昨日の雨のおかげで井戸は潤い、空は青く晴れ渡っていたが、少年の目の前の水路は茶色く濁り、悪臭を放っていた。意識すると鼻につく、嫌な匂いである。少年は顔を顰めた。
目の前の水面にうつ伏せの死体が、今朝は2人浮いていたのだ。昨日のうちに何人か捨てられたのだろう。
道が通れなくなるので、水路に捨てるだけマシなのかもしれないが、2人は停船用の係留杭に引っかかっていて、そのうち異臭を放ち始めるに違いなかった。
係留杭に停まっているはずの船は、ここに住み始めてから一度も見たことがなかった。代わりに停留している彼らを退けなければ、異臭で落ち落ち寝ていられなくなる。
嫌々起き上がった少年に、隣から声を掛ける者があった。
「おはよう、アリオ。そうやって毎日顔を顰めても、ここは良い匂いにはならないからな」
少年に声を掛けたのは、ボロを纏った中年の男であった。手持ち無沙汰なのか、それとも朝の習慣なのか、無造作に伸ばした黒髭を手でくるくると弄っている。
「ああ? わーかってるよ、うるせえな」
アリオと呼ばれた少年は、面倒くさそうにそう答える。彼は男と同じように頭からボロを纏っていたが、男とは違い、覗き込まなければ顔が分からないくらい、フードを深く被っていた。

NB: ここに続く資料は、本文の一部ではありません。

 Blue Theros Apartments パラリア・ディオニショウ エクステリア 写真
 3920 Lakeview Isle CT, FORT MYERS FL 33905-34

中年の男は、寝床からやけに長い木の杖を取り出すと、死体を下流へ押し流した。杖の上端には布袋が掛けられ、大きく膨らんでいる。流れ去って行く2人へ、男は両手を合わせて黙祷を捧げた。
アリオは、そんな男を無表情で眺めていた。ささやかな朝の祈りの中、突然、近くでガラスの割れる音と怒声が響き渡った。少年は小さく舌打ちする。
「またやってやがる」
少年の不機嫌に拍車がかかると、中年の男は争いの音に耳を澄ませ、小さく笑う。
「昨日来た奴ら、また何かやらかしたのか。忙しい世の中だ」
この街で、ならず者以外が建物の中に住むことは難しい。そしてならず者たちも、毎日取っ替え引っ替え縄張り争いを続けていた。言い争いはしばらく続いていたが、女の悲鳴が聞こえた瞬間、アリオがおもむろに立ち上がった。
「テオ、仕事に行ってくる」
アリオはテオと呼んだ中年の男へそう呟いた。テオは小さく頷くと、特に心配する様子もなく、淡々とアリオへ指示を与える。
「場所は、おそらくカーサスの宿屋。女以外に、昨日やられたチャーリーんとこの若い奴の声も聞こえた。肩を持つならチャーリー側にしとけ。しばらくは揉めねえだろうから、1週間分くらいは貰っておけよ。後は…」
自分の首から鎖を引っ張り出し、先に付いた銀の装飾を見せた。アリオも首に下げた鎖を引き上げ、揃いの装飾を見せる。コインのような円形の銀装飾で、別々の花が象られていた。
「安心しろ、ちゃんと持ってる」
アリオがそう答えると、テオは安心したように笑った。
「絶対に落とすなよ。行ってこい」
その言葉を聞くや否や、アリオは橋上へ飛び上がった。